→ YOUR TASK
Please keep pictures out and return the lines below exactly, from the one holding "PKTM03709 HMS Rodney" through the last, both included.

→ DATASET EXCERPT
══════

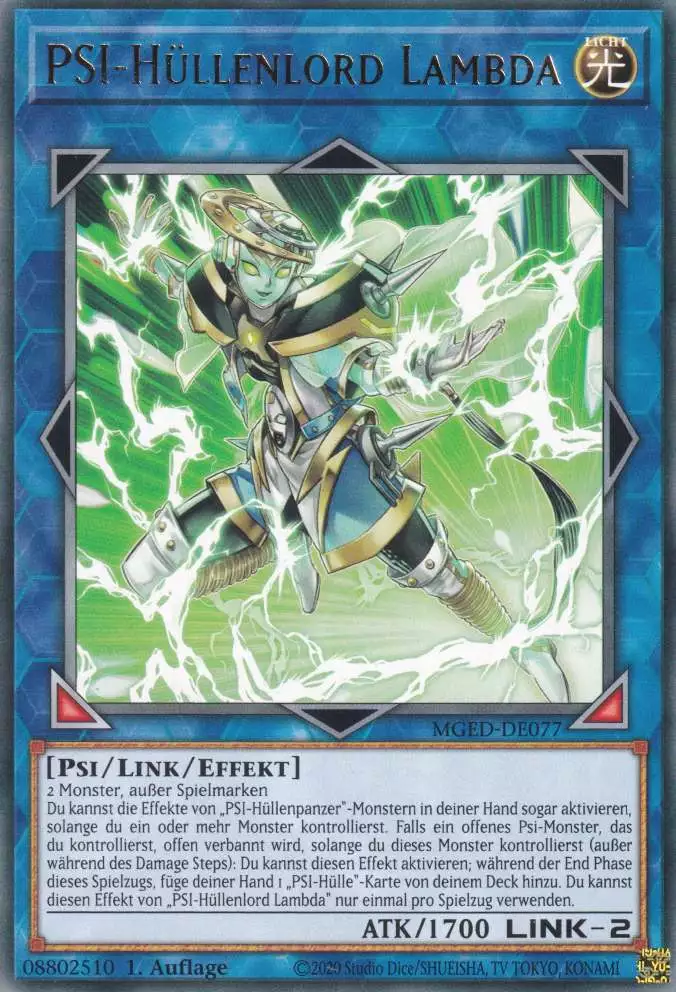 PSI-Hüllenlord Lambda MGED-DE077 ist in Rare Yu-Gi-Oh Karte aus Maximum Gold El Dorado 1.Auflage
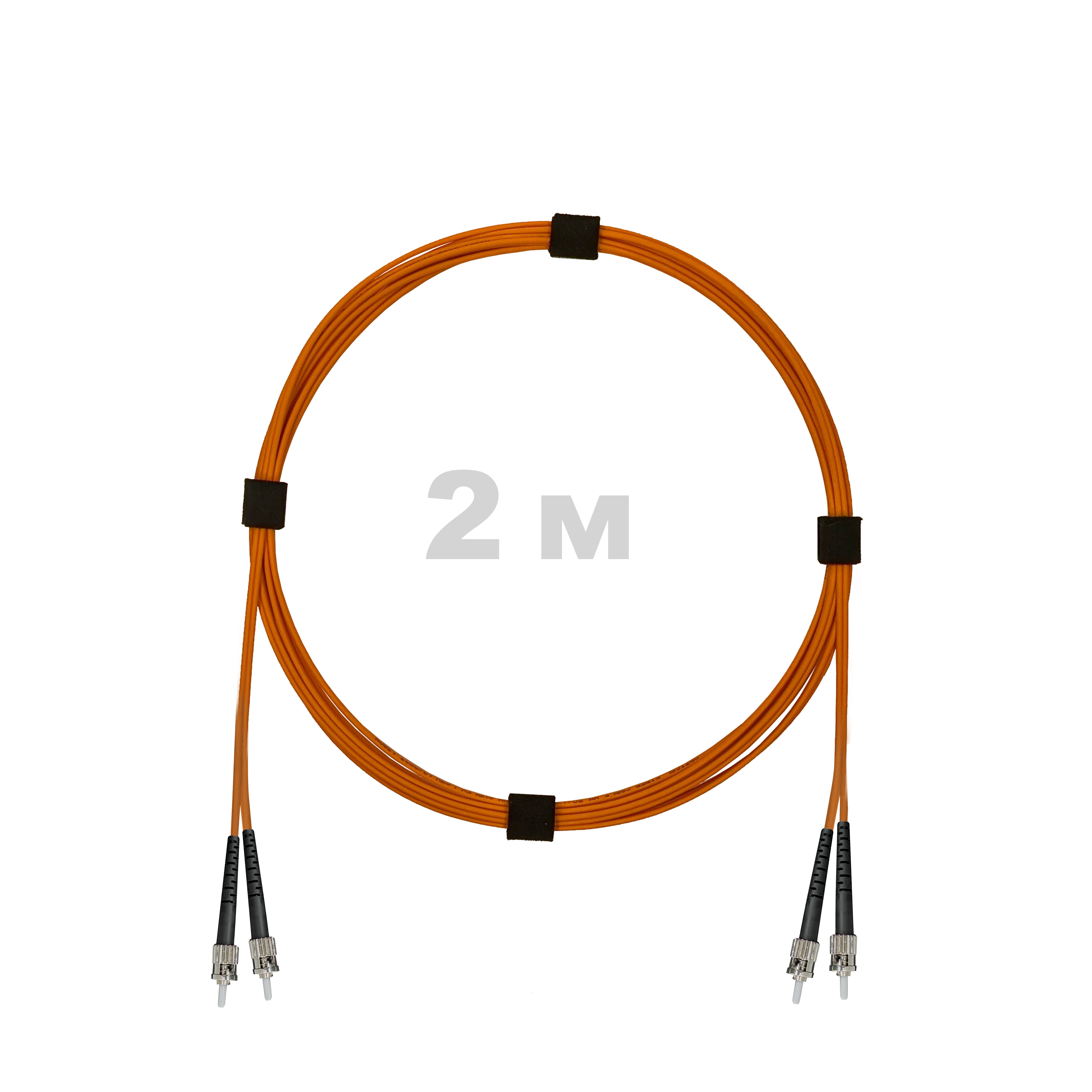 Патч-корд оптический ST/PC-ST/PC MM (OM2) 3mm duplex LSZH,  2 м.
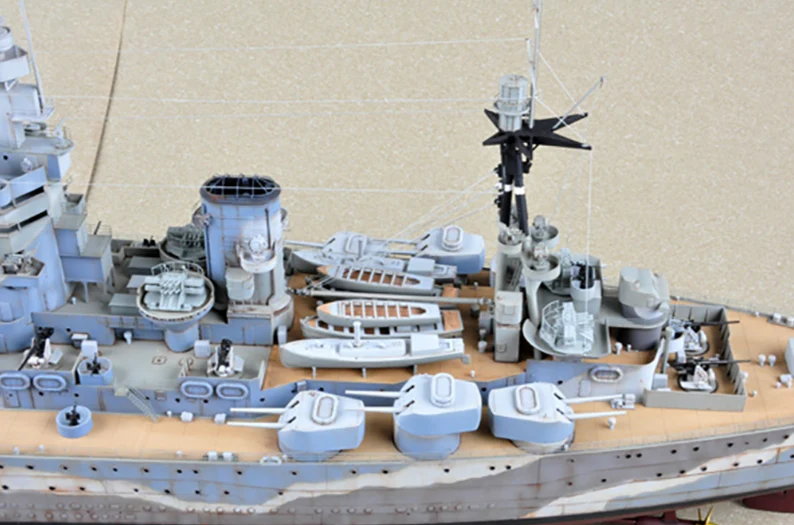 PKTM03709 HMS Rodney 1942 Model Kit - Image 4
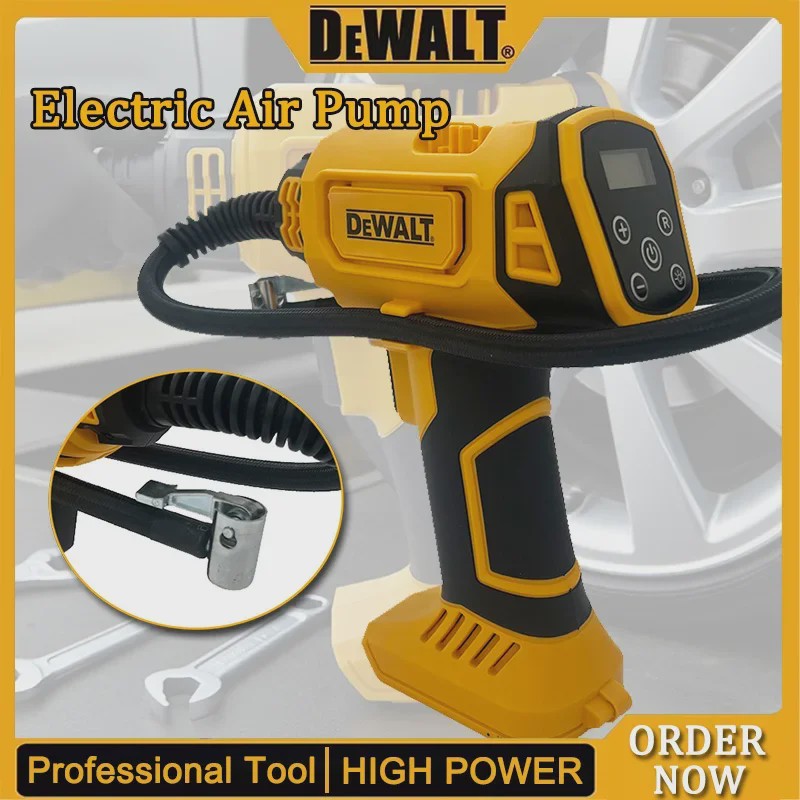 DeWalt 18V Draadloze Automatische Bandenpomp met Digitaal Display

══════

→ ANSWER TO THE PROBLEM
 PKTM03709 HMS Rodney 1942 Model Kit - Image 4
 DeWalt 18V Draadloze Automatische Bandenpomp met Digitaal Display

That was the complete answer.